Late last week, Atlanta-based global freight transportation and logistics services bellwether UPS announced general rate increases (GRI) for 2022, which are set to take effect December 26, 2021.
UPS said that these rate increases help to support “ongoing expansion and capability enhancements as we strive to maintain the high service levels you expect from UPS.”
The top-level rate increases include:
UPS also said that effective January 9, 2022, its Peak Surcharges will be renamed Peak/Demand surcharges.
On the company’s third quarter earnings call last week, UPS CEO Carol Tomé said that the rate increases reflect the value of services UPS offers, as well as cost inflation pressure, adding that UPS is “laser-focused on revenue quality.”
And UPS CEO Brian Newman added on the call that the global economy continued its strong growth in the third quarter, despite the dampening effects of COVID-19 and inflation, as well as shortages in inventory and labor.
“Within this backdrop, demand for our services remained high and the pricing environment in the industry was firm,” he said. “We expect similar dynamics in the fourth quarter, and as we demonstrated in the third quarter, we will continue to execute our strategy and capture profitable growth opportunities in the market.
Matt Bohn, Senior Consultant for San Diego-based Shipware, an audit and parcel consulting services company, explained that UPS is continuing to punish large package shippers, with its pricing efforts.
“They have taken this stance for a couple of years now, but the message is clear: if you want to ship large packages at UPS, you will pay a premium to do so,” he said. “The large package surcharge will increase within the 8%-16.7% range and the additional handling weight/dimensions will increase from 5.2%-13.9% depending on zone…and the majority are increasing by more than the announced 5.9%.”
Bohn also observed that UPS is continuing to penalize lightweight shippers, with ground minimum charges will increase 6.9%, from $8.76 to $9.36, with 1 pound-to-5 pound packages to increase by almost 8%, with most of the largest percentage changes in the lower weights and fairly consistent across zones.
UPS is also increasing its fuel surcharge for all of its domestic services by 1%, effective, November 15, which Bohn observed marked the second fuel surcharge increase in the last three months, with a 0.75% increase on August 16 and a pending 1% increase on November 15. He said that these fuel increases as separate from GRI increases and happen throughout the year and “buried” on the UPS website, leaving shippers with what he called unpleasant surprises and apply to various surcharges (not base charges), including: Delivery Charges; Pickup Charges
Remote/Extended Delivery and Pickup Charges; Residential Surcharge; Return Services w/ Pickup; Saturday Delivery and Pickup; Signature Required Services; Additional Handling, Large Package and Over Maximum Limits; Oversize Pallet Handling Surcharge; and Peak Surcharges.
“UPS’s recent announcement and earnings call have verified what most of the marketplace has already concluded, that UPS is focused on driving profits first and is far less focused on maintaining relationships with their customers,” said Bohn. “Increases for 2022 will be larger than those in the past and “Peak” is highly unlikely to end anytime soon.
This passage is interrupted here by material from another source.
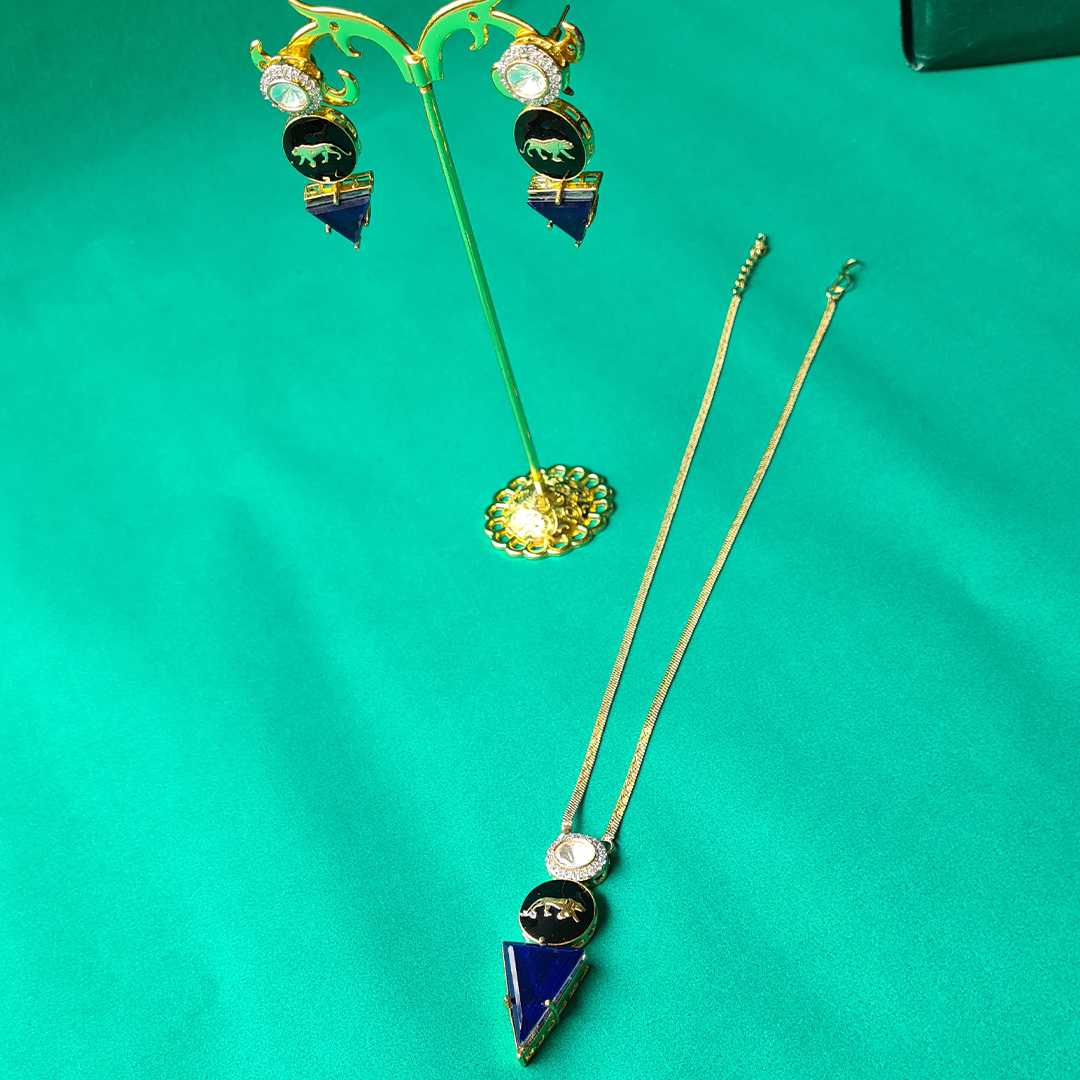 BLUE LIONESS NECKLACE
Shippers should determine how the announced increases will affect their bottom line and look to negotiate if the increase are deemed too detrimental to their bottom line. There is a silver lining in the shipping marketplace, however, which is the likely entry of Lasership/OnTrac into the national marketplace (note that this is speculation on our part but seems likely) as well as the also likely entry of Amazon. If these new entrants are able to disrupt the longstanding duopoly, perhaps the incumbents will return to their focus on relationships and less on the current quarters’ profit margin.”